New location on Park Road solidifies the Mexican eatery’s brand
PETER TAYLOR
The crab and goat cheese croquetas appetizer features Boniato sweet potato croquettes, jumbo lump crab meat, and goat cheese, served with habanero crema.

WHEN CANTINA 1511 moved from East Boulevard to Park Road Shopping Center, the popular restaurant changed more than its address. The inside of the new place is full of Mexican wares, from mosaic tiles dotting giant wood beams to a huge mural, reminiscent of Diego Rivera’s work, on the back wall. 

The restaurant may be in a new space (below). But longtime fans will certainly recognize Cantina’s signature Tacos Marco Polo—with shrimp, jalapeño bacon and rajas, pico de gallo, melted cheese, shredded cabbage, and cascabel aioli.

Longtime fans will recognize the colorful Fiestaware plates and pendant bubble light fixtures, which carried over from the old location.
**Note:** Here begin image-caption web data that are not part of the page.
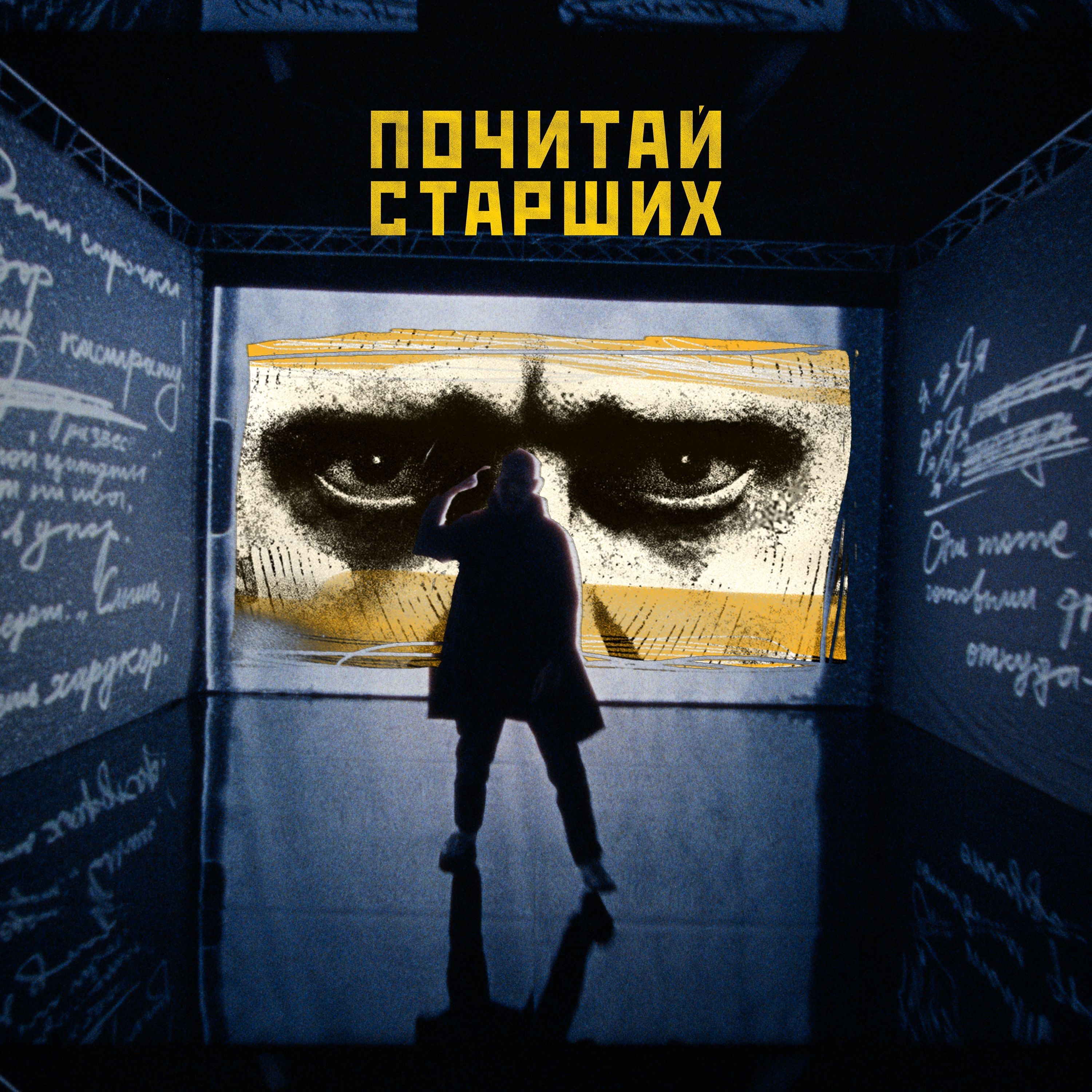 Почитай старших - Single album cover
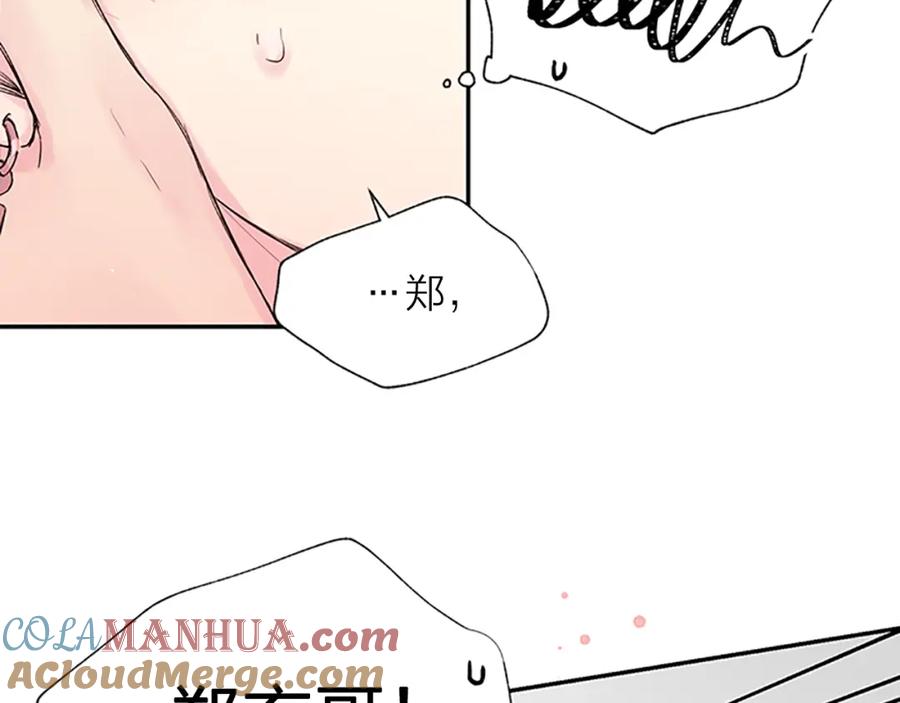 《别离我太近》第19话 你不会推开我吧？ 第9页
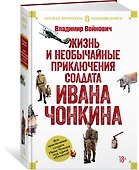 Жизнь и необычайные приключения солдата Ивана Чонкина - 2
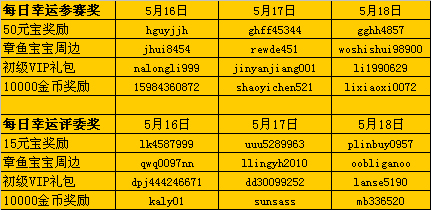 图片: 未标题-1.jpg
But stained concrete floors, bright purple shirts donned by the servers, and Dia de los Muertos art are all new to the Cantina experience. The restaurant has shed that comfortable, lived-in feel. The Park Road space is more contemporary and trendy, which means it’s lost some of its charm and quirks. There are several upgrades in the new space, too: more parking, a large patio, and nearly 100 more feet of dining space—all improvements over the crowded Dilworth location. Another happy addition: The new spot’s massive wooden bar and separate margarita station stacked with limes, tequila, and salt. The tequila cocktail comes in many flavors, from pineapple to mango to strawberry, and with nearly any tequila. 
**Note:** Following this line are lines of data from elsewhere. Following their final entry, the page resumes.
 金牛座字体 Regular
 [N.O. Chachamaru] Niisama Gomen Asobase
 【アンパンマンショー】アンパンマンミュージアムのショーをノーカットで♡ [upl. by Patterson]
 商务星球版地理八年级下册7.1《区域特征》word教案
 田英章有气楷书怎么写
The dishes at the new location live up to the Cantina standard; the menu remains unchanged. On a recent visit, Sidewalk Antojitos ($9.75) held vinegary, flash-fried vegetables such as cauliflower and carrots, chicken nachos, and tortilla roll-ups with corn, lettuce, and cucumbers. (The dish is a rotating selection of Mexican street food.) The star of the plate, however, remains the pig wings carnitas. The miniature pork shanks are as sweet and tangy as ever, with a hint of smoke. For a Mexican eatery that gets plenty of attention for its takes on more typical Mexican fare, such as tacos and burritos, the new location gives reasons to branch out. One to try: the orange-coriander crusted pork loin ($17.75), a tender cut of pork loin over creamy and crisp tamales. 

Cantina devotees will have to make a few adjustments. The new location has more in common with its Stonecrest sister restaurant than with the Dilworth original—but the most important element, the food, is still very good.